工藤:O2Oの「送客」発想から、OMOの「生活動線に溶け込む体験」へと重心が移りつつあります。「丸善ジュンク堂書店ネットストア」立ち上げの際は、時間制約もあり機能を絞ってスタートしました。
新サービスを使っていただけるだろうかという不安もありました。しかしローンチを迎えると、直後から利用が一気に回復。SNSでは「やっとこのサービスが戻ってきた」という声が多く聞かれたのです。インターネットが当たり前の存在になっている環境で、オンラインでの書籍の取り置きが日常の導線に自然に組み込まれていることを改めて実感しました。

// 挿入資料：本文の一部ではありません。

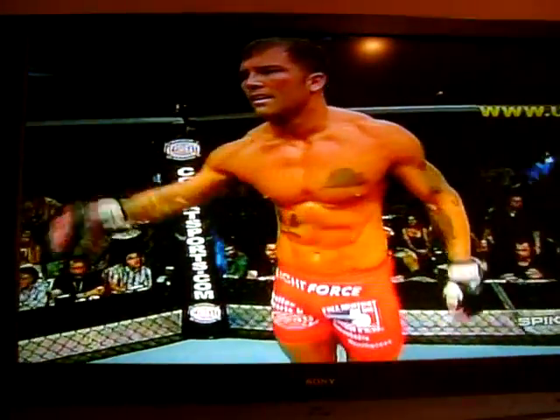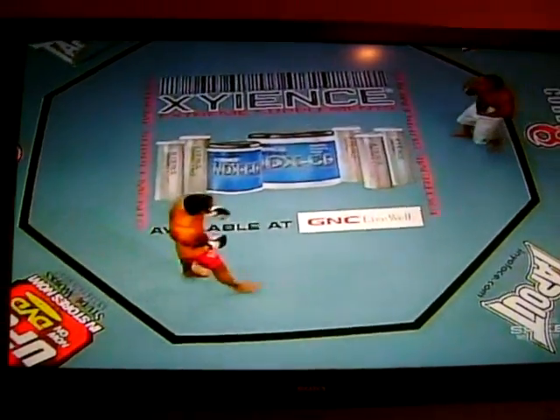Let's take a look at the replay. Beautiful flying knee by James Irvin. Here it comes — the start of the round.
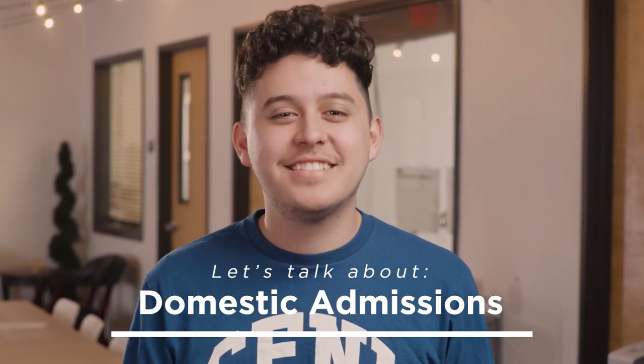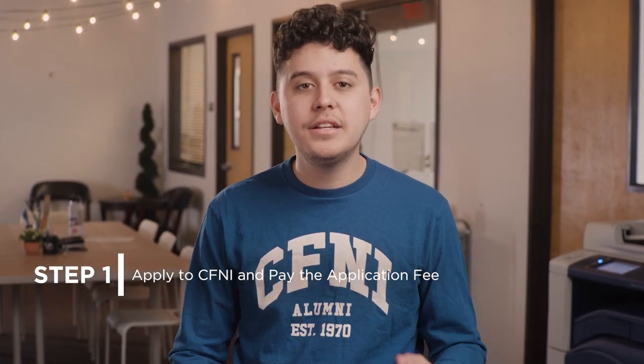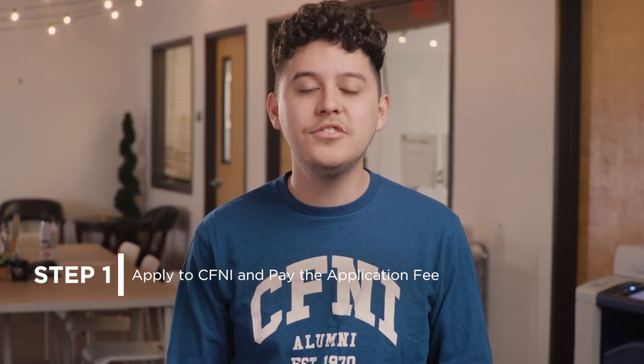Hi, my name is David. Let's talk about the domestic admissions process. After you successfully applied and paid your $50 app fee, you'll be hearing from your admissions advisor who will guide you through submitting the required admissions documents to complete your application package, so that you can review a list of the required documents in more detail on our website.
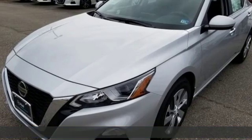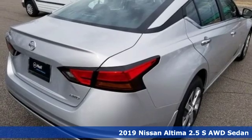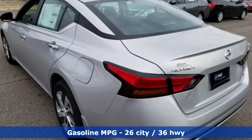Here's a new 2019 Nissan Altima. Add a little extra to the ordinary with the Altima. It's built to accentuate everything you love and need about driving, and it comes with all the amenities you need.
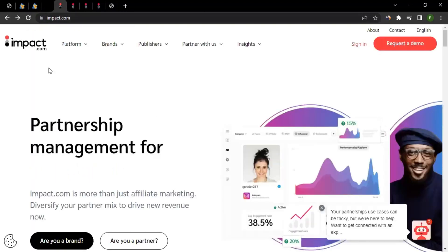Impact, or impact.com, is an affiliate network — and not just any affiliate network, they are one of the top ones. The role of an affiliate network is to act as a mediator between affiliates and brands. In our case, we are the affiliates and HostGator is the brand.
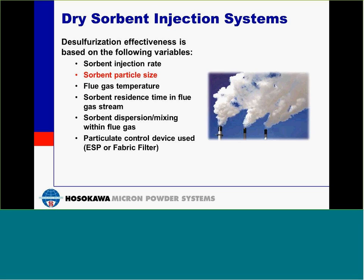When considering dry sorbent injection systems, the effectiveness is based on a couple of variables. These variables are sorbent injection rate, sorbent particle size, flue gas temperature, sorbent residence time in the flue gas stream, sorbent dispersion and mixing within the flue gas, and the particulate control device used, either electrostatic precipitator or fabric filter.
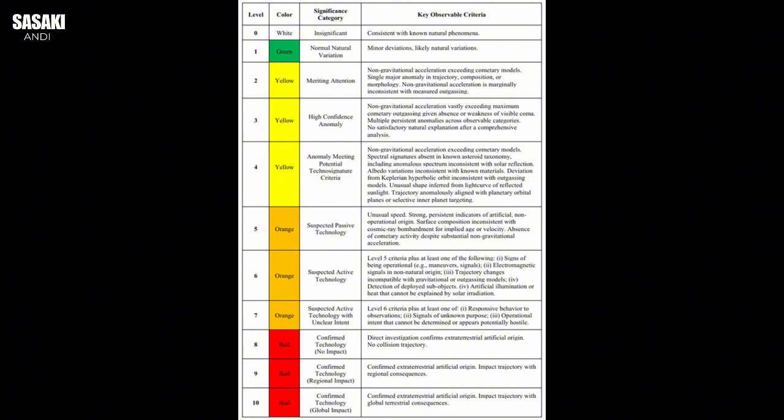Today we're doing a deep dive into one of these mysteries: an interstellar object called 3i Atlas. We'll look at Professor Avi Loeb's groundbreaking new classification system, the Loeb Scale, and we're going to figure out why 3i Atlas got this unprecedented level four classification. Our mission is to unravel what makes this thing so incredibly unusual, the scientific debate it's kicked off, and how these findings are genuinely shaking up our cosmic rulebook.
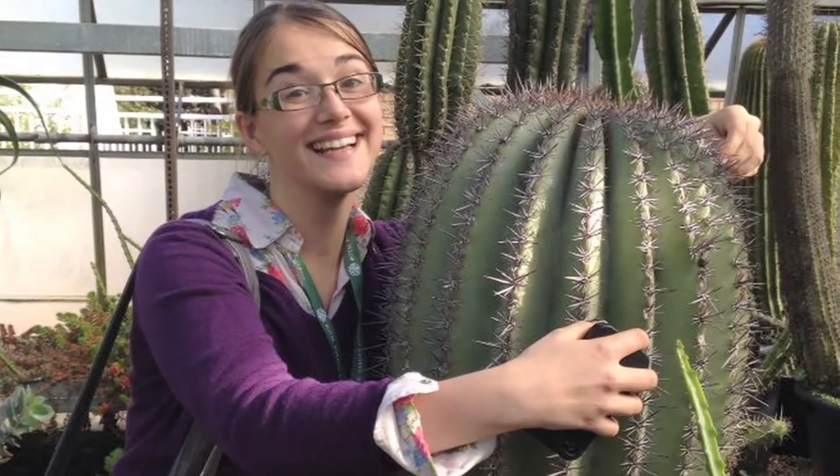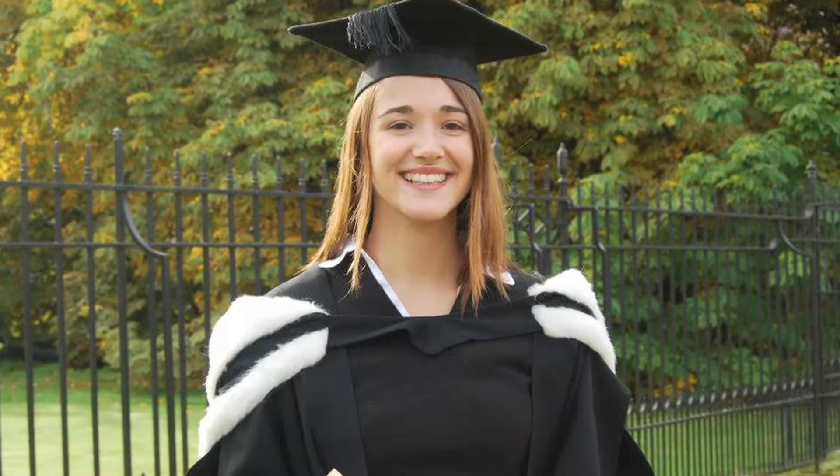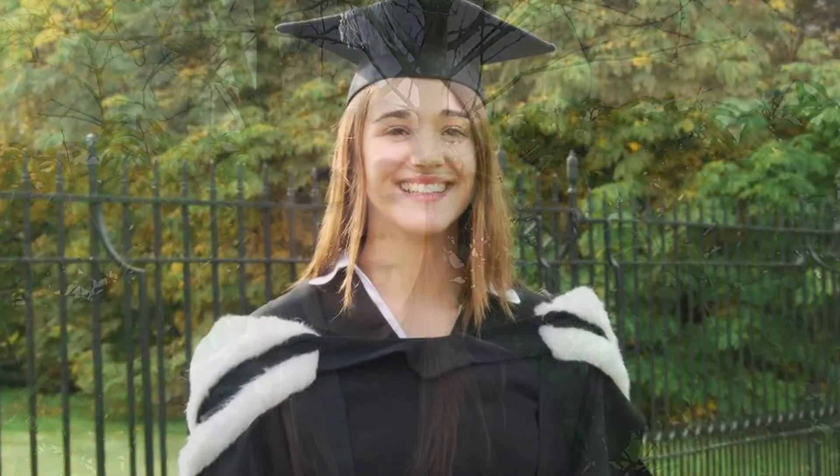I've always been really interested in science and I've always loved plants, so I did A levels in biology, chemistry, physics, and maths. Then I went to university to do natural sciences and I specialised in plant science and ecology. Then I did a master's in botany because I wanted to look at plants some more, and then I applied to this PhD which manages to combine plants and climate change and geology, which is something that I also like.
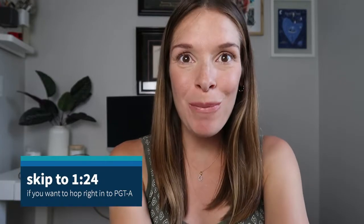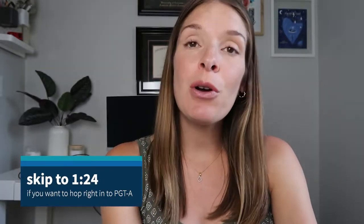Hi guys, it's me, Katie Lee, CGC, and welcome back to my channel. Today I'm going to do a quick dive into PGTA and explain exactly what it is. Last week I released a video on four common misconceptions about pre-implantation genetic testing for aneuploidy, or PGTA.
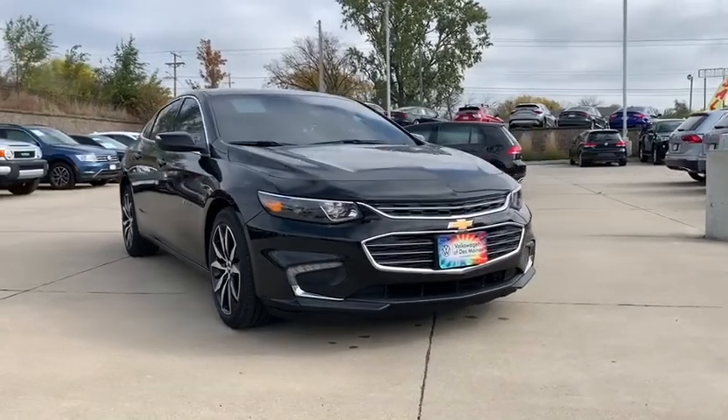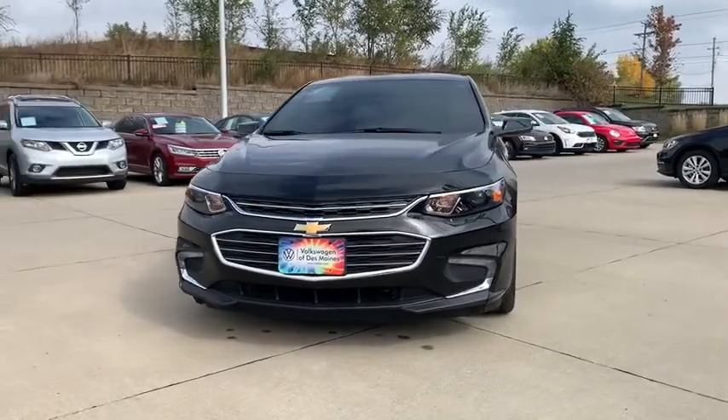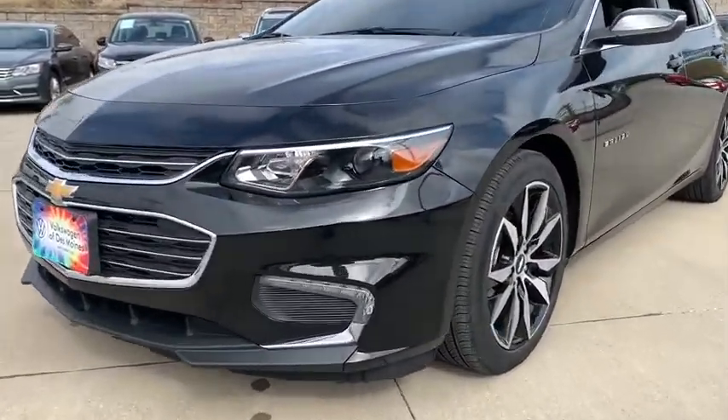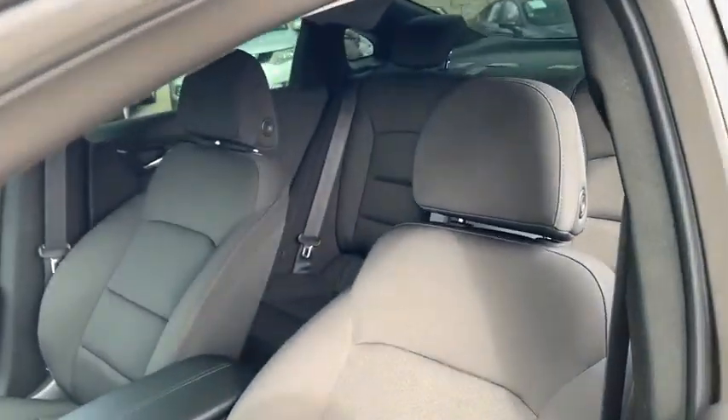Stop by and take a look at the 2018 Chevrolet Malibu, a combination of performance and fuel economy. The Malibu is a great commuting car. This vehicle has less than 20,000 miles. Here are some of this vehicle's great options.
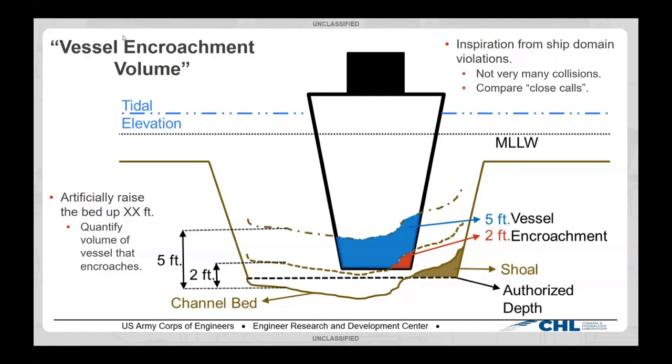Vessel encroachment volume takes its inspiration from ship domain violations. Ship domain violations is a concept invented by people who want to study unsafe encounters between vessels. The issue is there are not a lot of actual collisions between ships — which is a great thing — but if you're trying to do statistical analysis, there's just not a lot of data. So they build artificial buffer distances around ships called ship domains and compare domain violations, i.e., close calls, giving you more data to work with.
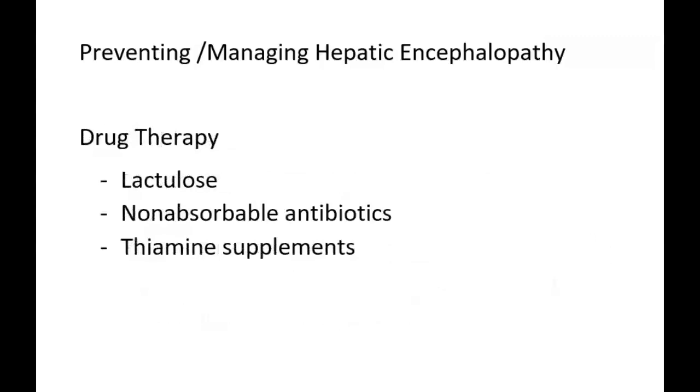Drugs are used sparingly in cirrhosis because they are difficult for the failing liver to metabolize. With a poorly functioning liver, medications can accumulate to toxic levels in the body. In particular, opioids, analgesics, sedatives, and barbiturates should be restricted, especially if the patient has a history of encephalopathy.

来店時の顧客行動からも、OMOが当たり前になっていることを感じます。ネットで目的の一冊を取り置きしてから来店されるお客さまは、レジに行く前にゆっくり店内を一回りされることがあります。実際、取り置き金額に対するレジでの実購入は約2倍という傾向が出ています。オンラインの確実性が来店動機になり、オフラインの偶発性を後押ししているわけです。
さらに書店は、立ち寄りやすい立地にあることが多く、持ち帰りの負担が小さいのも特徴です。アパレルや電化製品などと違って、1~3冊程度なら物理的負担が少なく、価格帯も1冊1,500~2,000円前後が中心なので意思決定のハードルが高すぎないのです。
その結果、「目的の一冊+α」のついで買いが起こりやすいのだと思います。欲しい本をオンラインで確保し、店でさらに別の本と出会うという一連の体験が、OMOの輪郭として定着してきたと感じています。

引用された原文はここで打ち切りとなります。